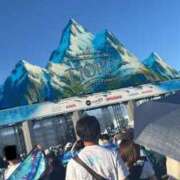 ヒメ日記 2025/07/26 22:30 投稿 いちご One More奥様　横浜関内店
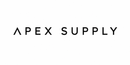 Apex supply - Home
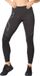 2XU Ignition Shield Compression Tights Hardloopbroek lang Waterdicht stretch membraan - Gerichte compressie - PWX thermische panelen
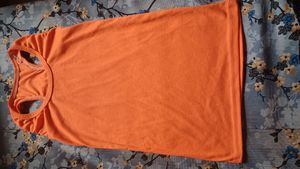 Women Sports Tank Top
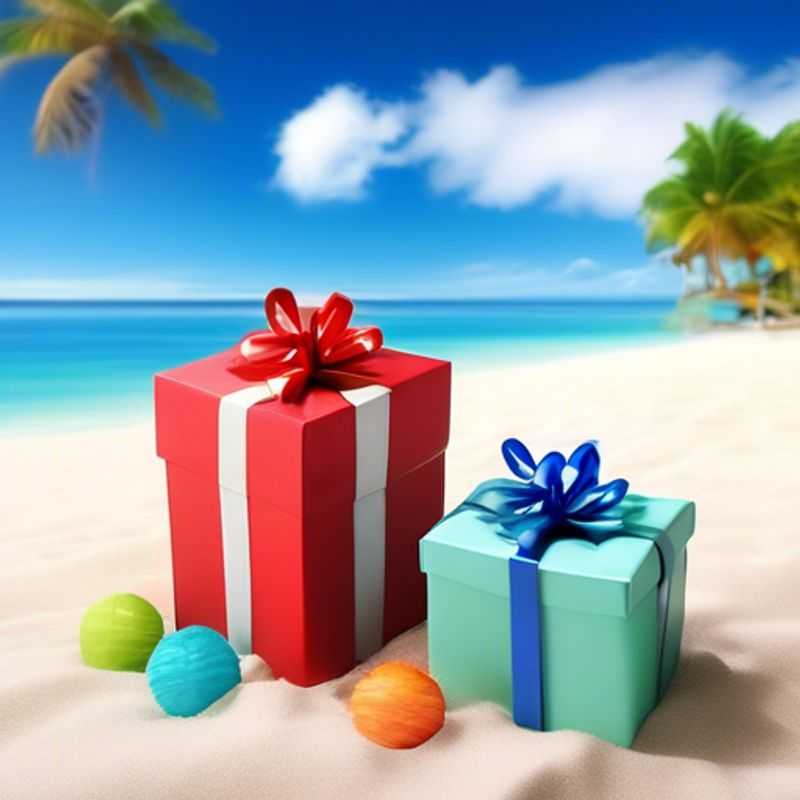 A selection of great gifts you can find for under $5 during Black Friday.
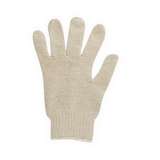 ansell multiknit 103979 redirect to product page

...

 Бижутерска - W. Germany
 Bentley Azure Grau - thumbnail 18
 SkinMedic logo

▶ _What the exercise asks_:
Among the entries above, take the line with "ヒメ日記 2025/07/26 22:30", the line with "ansell multiknit 103979", and all the lines between them, and restate them word for word without pictures.

▶ _Task response_:
 ヒメ日記 2025/07/26 22:30 投稿 いちご One More奥様　横浜関内店
 Apex supply - Home
 2XU Ignition Shield Compression Tights Hardloopbroek lang Waterdicht stretch membraan - Gerichte compressie - PWX thermische panelen
 Women Sports Tank Top
 A selection of great gifts you can find for under $5 during Black Friday.
 ansell multiknit 103979 redirect to product page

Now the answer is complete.